_What to work on_
Of the lines in the data below, write out exactly those from the one holding "Mia Knit Cardigan in Hibiscus" through the one holding "45-ия Президент на", both included.

====== Data under study ======

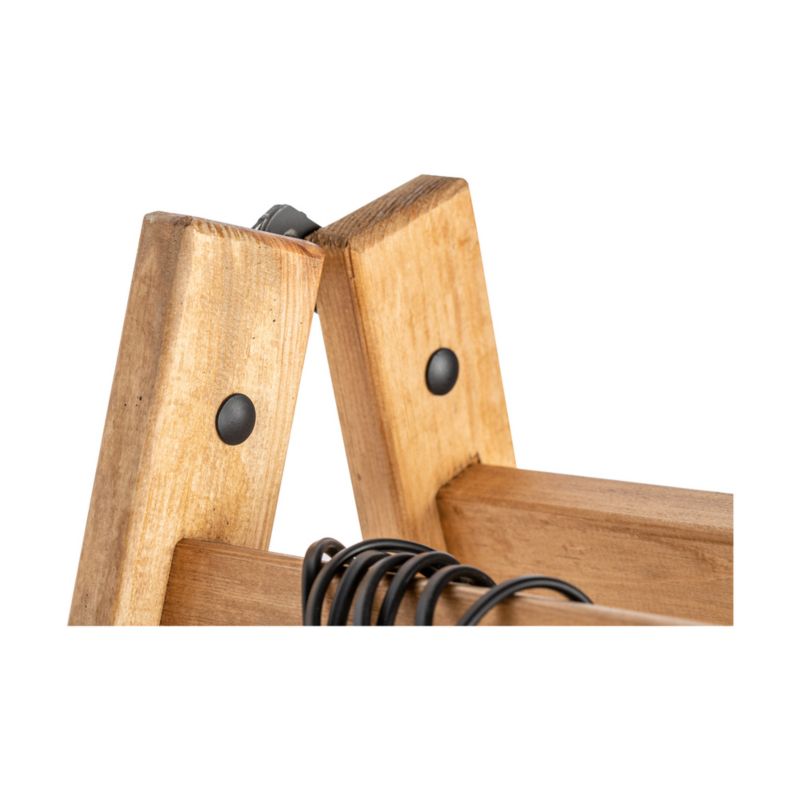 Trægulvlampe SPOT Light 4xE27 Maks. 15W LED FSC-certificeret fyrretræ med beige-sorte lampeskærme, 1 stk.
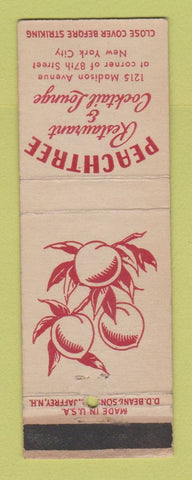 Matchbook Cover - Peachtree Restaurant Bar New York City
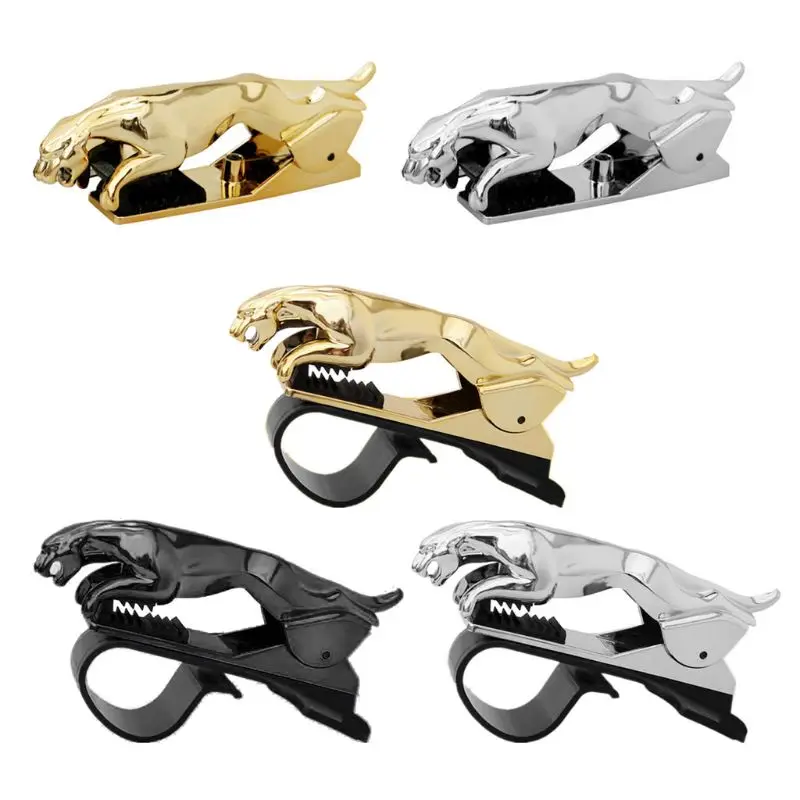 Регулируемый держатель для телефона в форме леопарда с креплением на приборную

======
====== Data under study ======

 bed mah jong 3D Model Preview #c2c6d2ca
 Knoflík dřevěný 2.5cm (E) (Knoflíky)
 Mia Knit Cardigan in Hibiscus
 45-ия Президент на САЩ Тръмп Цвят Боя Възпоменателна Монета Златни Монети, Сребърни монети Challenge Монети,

======
====== Data under study ======

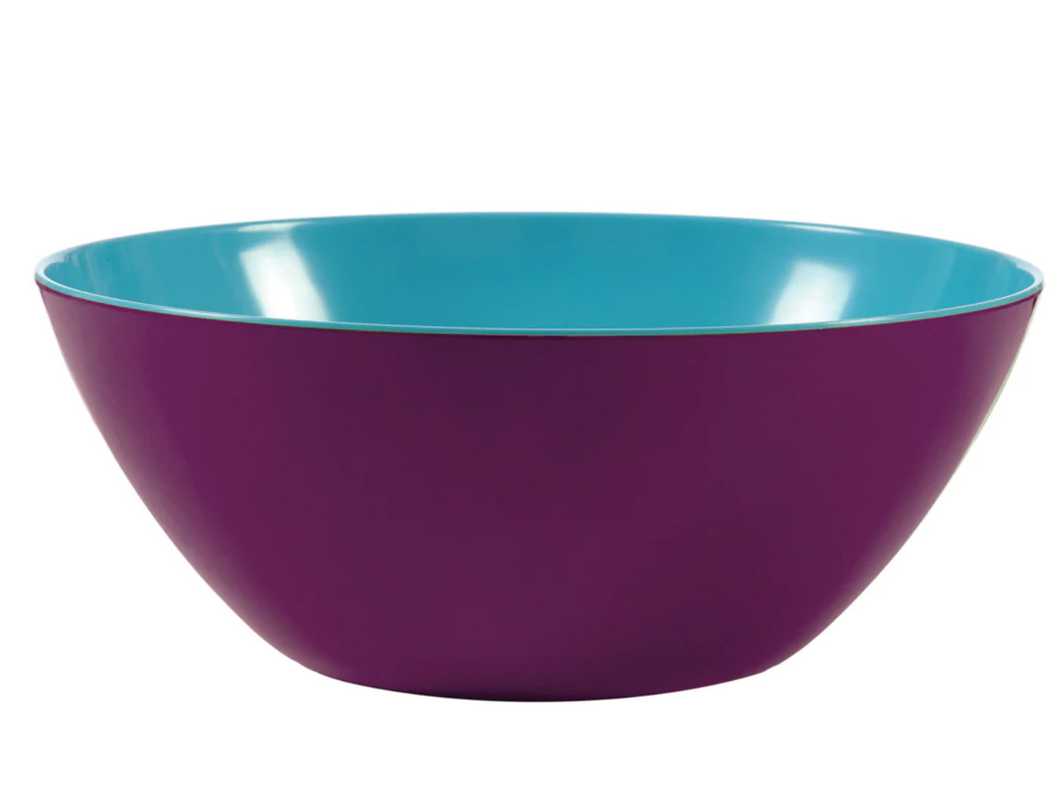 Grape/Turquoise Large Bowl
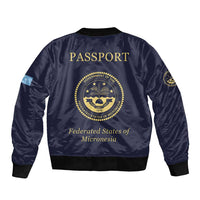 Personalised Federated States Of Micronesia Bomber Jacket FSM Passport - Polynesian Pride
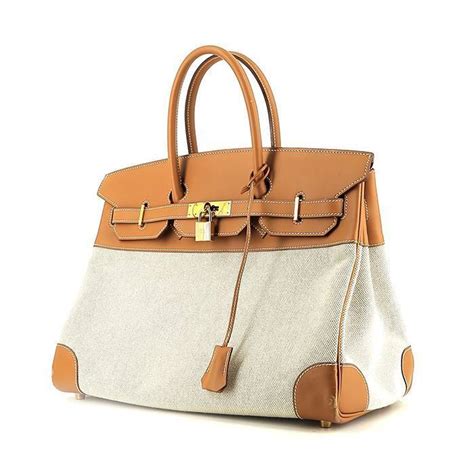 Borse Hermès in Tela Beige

======

_Response area_
 Mia Knit Cardigan in Hibiscus
 45-ия Президент на САЩ Тръмп Цвят Боя Възпоменателна Монета Златни Монети, Сребърни монети Challenge Монети,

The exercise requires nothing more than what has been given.